» Exercise instructions
Could the listing below be reproduced exactly, minus its pictures?
** Entries provided follows **
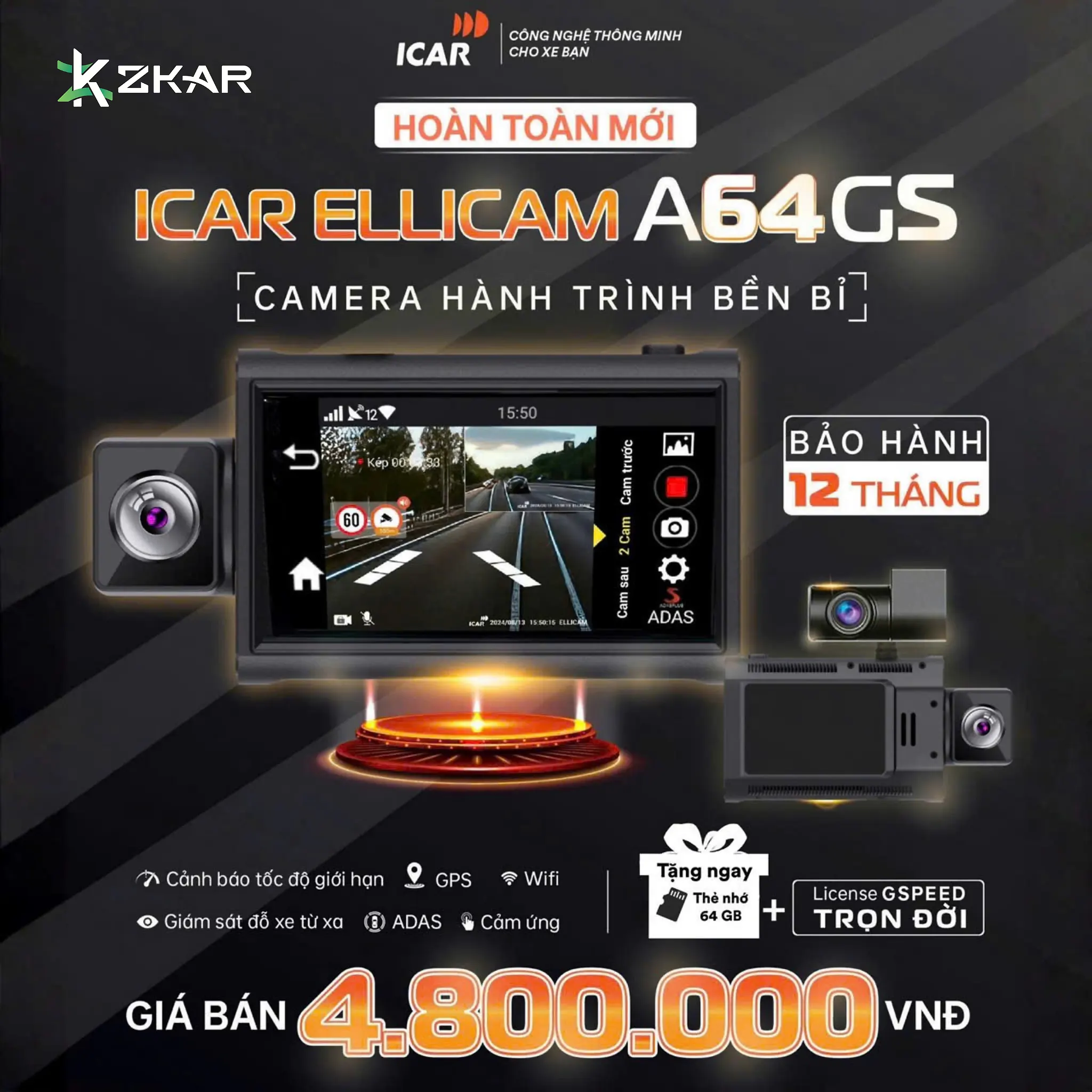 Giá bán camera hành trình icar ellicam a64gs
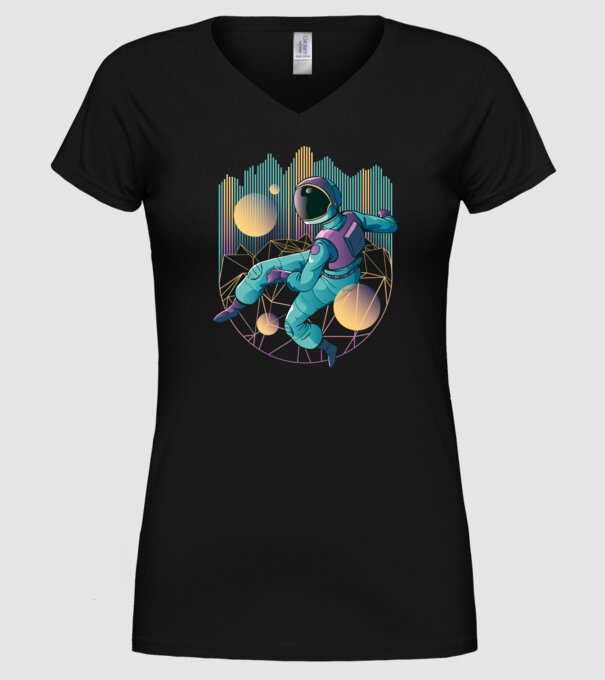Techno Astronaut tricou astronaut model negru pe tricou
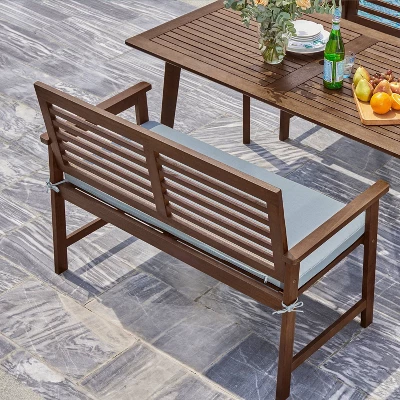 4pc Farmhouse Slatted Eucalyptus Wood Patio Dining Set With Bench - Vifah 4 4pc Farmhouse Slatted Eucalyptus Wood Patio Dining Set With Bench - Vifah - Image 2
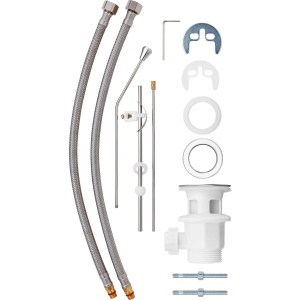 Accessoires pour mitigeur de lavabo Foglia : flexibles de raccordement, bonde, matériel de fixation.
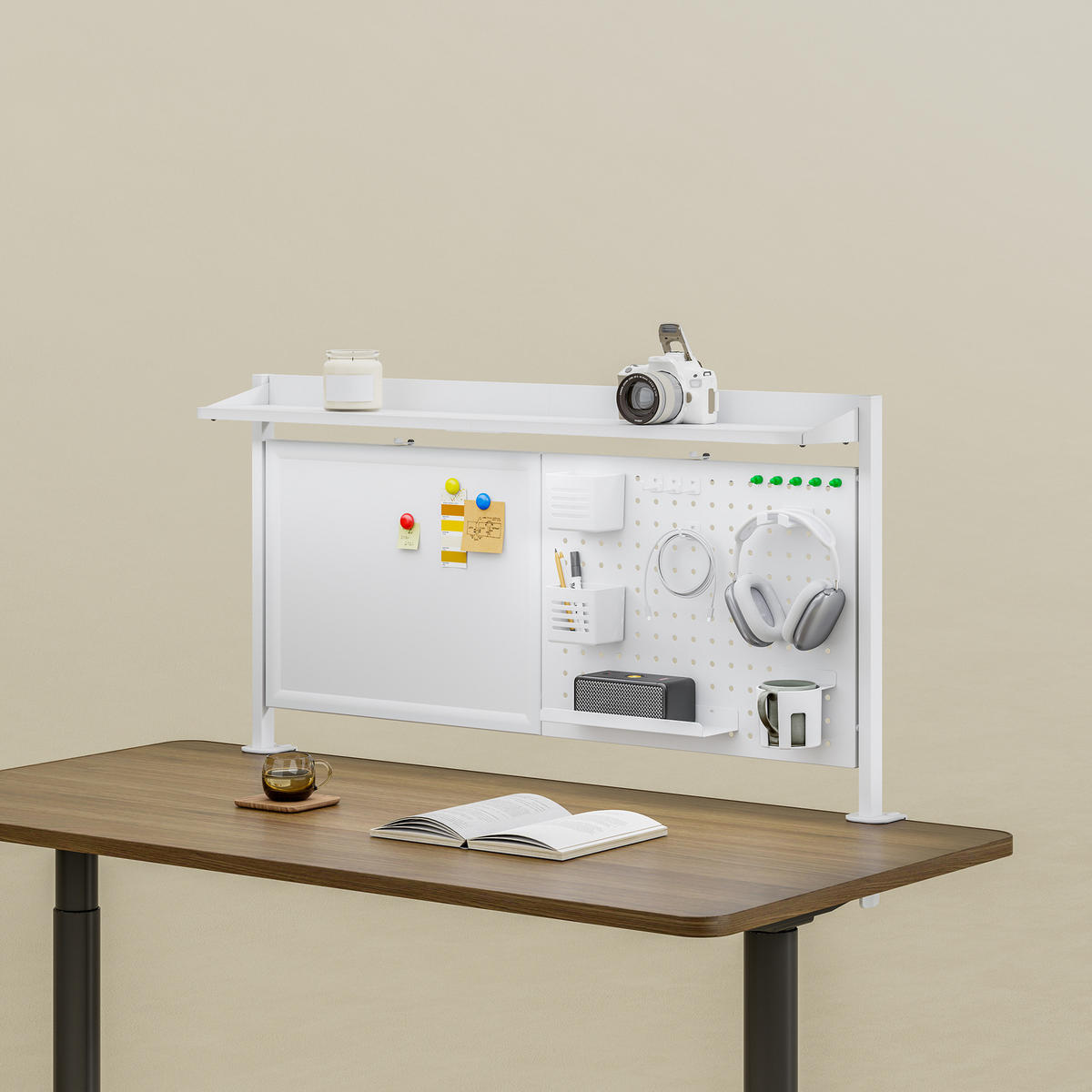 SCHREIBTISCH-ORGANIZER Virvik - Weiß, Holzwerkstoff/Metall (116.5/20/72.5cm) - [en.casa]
** End of Entries provided **
» Answer section
 Giá bán camera hành trình icar ellicam a64gs
Techno Astronaut tricou astronaut model negru pe tricou
 4pc Farmhouse Slatted Eucalyptus Wood Patio Dining Set With Bench - Vifah 4 4pc Farmhouse Slatted Eucalyptus Wood Patio Dining Set With Bench - Vifah - Image 2
 Accessoires pour mitigeur de lavabo Foglia : flexibles de raccordement, bonde, matériel de fixation.
 SCHREIBTISCH-ORGANIZER Virvik - Weiß, Holzwerkstoff/Metall (116.5/20/72.5cm) - [en.casa]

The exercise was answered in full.